**How to complete this task:** In the data below, find the line containing "Casa de oportunidad", then set down that line and every later line up to and including the line containing "TV, video games", exactly.

++++ Records for processing

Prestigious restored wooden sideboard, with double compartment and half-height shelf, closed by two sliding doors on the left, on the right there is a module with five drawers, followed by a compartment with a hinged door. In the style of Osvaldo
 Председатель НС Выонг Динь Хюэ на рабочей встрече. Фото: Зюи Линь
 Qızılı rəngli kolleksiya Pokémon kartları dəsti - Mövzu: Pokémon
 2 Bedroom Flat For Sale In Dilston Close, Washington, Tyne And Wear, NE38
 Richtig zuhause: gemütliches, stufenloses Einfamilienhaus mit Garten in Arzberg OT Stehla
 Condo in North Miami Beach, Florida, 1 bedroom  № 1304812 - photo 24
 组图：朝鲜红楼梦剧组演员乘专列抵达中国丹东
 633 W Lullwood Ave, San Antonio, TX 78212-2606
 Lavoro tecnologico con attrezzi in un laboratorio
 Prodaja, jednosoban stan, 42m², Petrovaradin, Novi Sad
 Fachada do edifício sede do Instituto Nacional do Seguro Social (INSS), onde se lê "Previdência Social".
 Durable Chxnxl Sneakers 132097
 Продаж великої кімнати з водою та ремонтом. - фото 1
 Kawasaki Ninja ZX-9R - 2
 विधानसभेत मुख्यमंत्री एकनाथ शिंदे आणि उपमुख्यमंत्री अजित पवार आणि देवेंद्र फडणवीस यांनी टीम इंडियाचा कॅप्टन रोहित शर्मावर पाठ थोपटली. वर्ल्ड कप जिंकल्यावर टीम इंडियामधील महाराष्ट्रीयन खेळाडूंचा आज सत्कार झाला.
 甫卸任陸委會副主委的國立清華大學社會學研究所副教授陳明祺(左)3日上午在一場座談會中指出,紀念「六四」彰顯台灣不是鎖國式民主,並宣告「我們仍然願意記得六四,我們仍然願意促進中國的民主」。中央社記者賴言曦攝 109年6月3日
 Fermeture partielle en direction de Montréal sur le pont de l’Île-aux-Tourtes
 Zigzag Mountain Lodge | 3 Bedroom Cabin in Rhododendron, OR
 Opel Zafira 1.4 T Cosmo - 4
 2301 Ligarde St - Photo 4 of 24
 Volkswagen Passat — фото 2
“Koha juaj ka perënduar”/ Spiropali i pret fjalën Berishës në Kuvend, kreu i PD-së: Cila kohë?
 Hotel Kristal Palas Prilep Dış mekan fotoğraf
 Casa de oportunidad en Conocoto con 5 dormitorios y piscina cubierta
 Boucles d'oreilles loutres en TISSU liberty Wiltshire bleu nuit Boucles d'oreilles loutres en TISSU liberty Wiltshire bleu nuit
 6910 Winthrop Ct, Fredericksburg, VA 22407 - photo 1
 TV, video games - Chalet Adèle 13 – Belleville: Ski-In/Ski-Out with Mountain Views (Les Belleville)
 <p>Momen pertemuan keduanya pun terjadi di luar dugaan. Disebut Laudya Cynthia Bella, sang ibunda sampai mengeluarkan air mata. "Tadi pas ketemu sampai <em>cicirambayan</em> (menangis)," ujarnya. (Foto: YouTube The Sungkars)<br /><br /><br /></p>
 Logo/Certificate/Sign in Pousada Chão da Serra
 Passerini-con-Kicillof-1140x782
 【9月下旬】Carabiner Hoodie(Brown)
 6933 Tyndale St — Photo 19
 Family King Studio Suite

++++++++

**Task response:**
 Casa de oportunidad en Conocoto con 5 dormitorios y piscina cubierta
 Boucles d'oreilles loutres en TISSU liberty Wiltshire bleu nuit Boucles d'oreilles loutres en TISSU liberty Wiltshire bleu nuit
 6910 Winthrop Ct, Fredericksburg, VA 22407 - photo 1
 TV, video games - Chalet Adèle 13 – Belleville: Ski-In/Ski-Out with Mountain Views (Les Belleville)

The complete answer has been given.